Hidden Bars Brought to Light
In a city whose method of operation is exclusivity in everything, it’s quite surprising that the concept of secret bars took hold only recently. Secret bars are not “secret” in the strictest sense. Most of them have a website and a Facebook page.
At the same time, it’s practically impossible to just stumble upon one while walking around nighttime Moscow. A much better phrase to describe these places would be “well hidden.”
The Mendeleev Bar (20/1 Ulitsa Petrovka, +7-495-625-3385), established by Arkady Novikov, Moscow’s most prolific restaurateur, and Igor Lantsman, owner of the popular Rolling Stone club, hides in the basement of Lucky Noodles.
Lucky Noodles, also by Novikov and Lantsman, is an attempt to re-create an atmosphere of a cheap stand-up Chinese noodle joint in the very center of Moscow, complete with Chinese staff who barely speak any Russian.
The first few times I went there for noodle soup and a Tsingtao beer, I didn’t even notice the curtain in the corner behind the cash register with a bulky bouncer lounging next to it. It turns out there’s a staircase behind the curtain leading to the basement. The interior is dark, plaster is peeling off the walls and ceiling exposing brickwork, and there’s lots of vintage furniture, with no two items alike. Taking inspiration from the famous Apotheke in New York’s Chinatown, Mendeleev is all about concoctions, the preferred ones being the high Thai, a version of mai tai with Mendeleev’s own blend of rum, and the Chinese market martini.
Igor Lantsman confides that expats are the target audience for the bar.
“I like foreigners.
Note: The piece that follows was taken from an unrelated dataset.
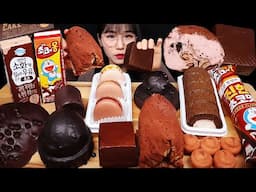 편의점 초코 신상🍫 수건케이크 벽돌케이크 마시멜로우팡 마카롱 모찌멜로 디저트 먹방 Edible Towel Crepe Cake convenience store MUKBANG ASMR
I think they act as a barometer for the quality of the place,” he said. At the same time, Lantsman doesn’t consider Mendeleev glamorous. “We are oriented at people who are not hunting out trends, not going to clubs that have ‘the most girls,’ but where the food and music are good.”
Mendeleev has jazz nights on Thursdays and dancing on Fridays and Saturdays.
Oldich Dress & Drink (11 Ulitsa Bolshaya Dmitrovka, +7-499-951-7993) is also in the basement, but of a rather overpriced vintage clothing shop. Oldich was the talk of the town in November when it opened. It’s right next to the Conde Nast office on Bolshaya Dmitrovka, and GQ’s editor-in-chief, Michael Idov, couldn’t stop tweeting and Facebooking about it for days. He even deejayed at the opening.
The first few parties were 100 percent exclusive. If you weren’t on the list, you could forget about it.
But when the hype somewhat died down and we finally managed to get in, all we found were several beautiful young people dancing halfheartedly to the tunes from DJ Osadchi. The interior is of macabre variety, with (hopefully fake) post-mortem masks on the wall and a creepy mannequin at the entrance.
The menu boasts some rather sophisticated cocktails and burgers. At the toilet, I ran into a completely trashed guy in a cheap suit who looked very much out of place at Oldich. He said, “Dude, whaaaaat’s up? Happy new year!” When I came back, no one was dancing anymore. The young and the beautiful were getting their coats and talking of walking to the nearby Simachev Shop & Bar.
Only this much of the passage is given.